Databricks Unity Catalog OCF Connector: Install and Configure¶
Prerequisites¶
The metastore must be assigned to a workspace with a running cluster or SQL warehouse.
Complex Data Type Extraction¶
The Databricks Unity Catalog OCF connector supports extraction of complex data types, such as arrays and structs. To enable their representation as a tree structure in the Alation user interface, make sure that the alation_conf parameter alation.feature_flags.enable_generic_nosql_support
is set to True
on your instance.
Additionally, you can use the parameter alation.feature_flags.docstore_tree_table_depth
to define the depth of the display (default is three levels).
For details about using alation_conf, refer to Using alation_conf.
Important
After changing values of these parameters, restart Alation Supervisor from the Alation shell.
alation_supervisor restart all
Network Connectivity¶
Open inbound TCP port 443 to the Databricks Unity Catalog server.
Create Service Account¶
Create a Databricks account-level user to be used as a service account for metadata extraction.
Assign the service account the
USAGE
andSELECT
permissions on all Catalog, Schema, and Table objects that you want to catalog in Alation.Assign the service account to the workspace using the information in Manage users, service principals, and groups. The service account must be assigned to the same workspace as the cluster or SQL warehouse.
Assign the service account the
can use
permissions on the cluster or SQL warehouse.
Authentication¶
The connector supports token-based authentication.
Generate a personal access token as described in Generate a personal access token.
JDBC URI¶
If you are using a Databricks cluster, get the JDBC URI as documented in Get connection details for a cluster.
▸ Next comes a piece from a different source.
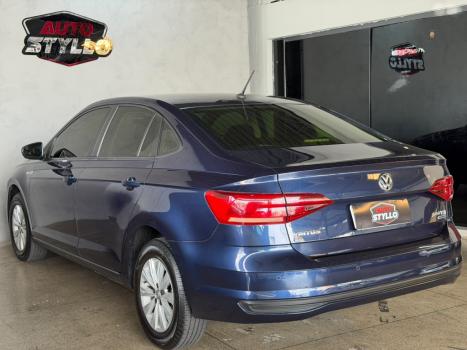 VOLKSWAGEN Virtus 1.0 4P 200 TSI FLEX COMFORTLINE AUTOMÁTICO, Foto 4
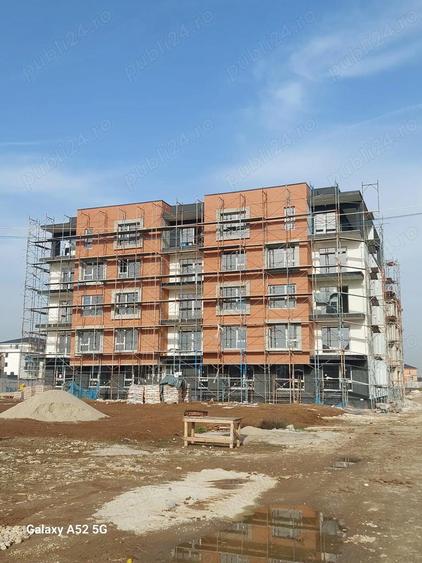 Garsoniere si Apartamente doua camere. Dobroesti Fundeni. Comision 0% - 4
If you are using a Databricks SQL warehouse (SQL endpoints), get the JDBC URI as documented in Get connection details for a SQL warehouse.
Note
Remove the
jdbc:
prefix from the JDBC URI.
Format¶
spark://<hostname>:443/default;transportMode=http;ssl=1;httpPath=<databricks_http_path_prefix>/<databricks_cluster_id>;AuthMech=3;
Example¶
spark://adb-58175503737864.5.azuredatabricks.net:443/default;transportMode=http;ssl=1;httpPath=/sql/1.0/endpoints/0f38f55be5cbd786;AuthMech=3;
Configuration in Alation¶
STEP 1: Install the Connector¶
Alation On-Prem¶
Important
Installation of OCF connectors requires Alation Connector Manager to be installed as a prerequisite.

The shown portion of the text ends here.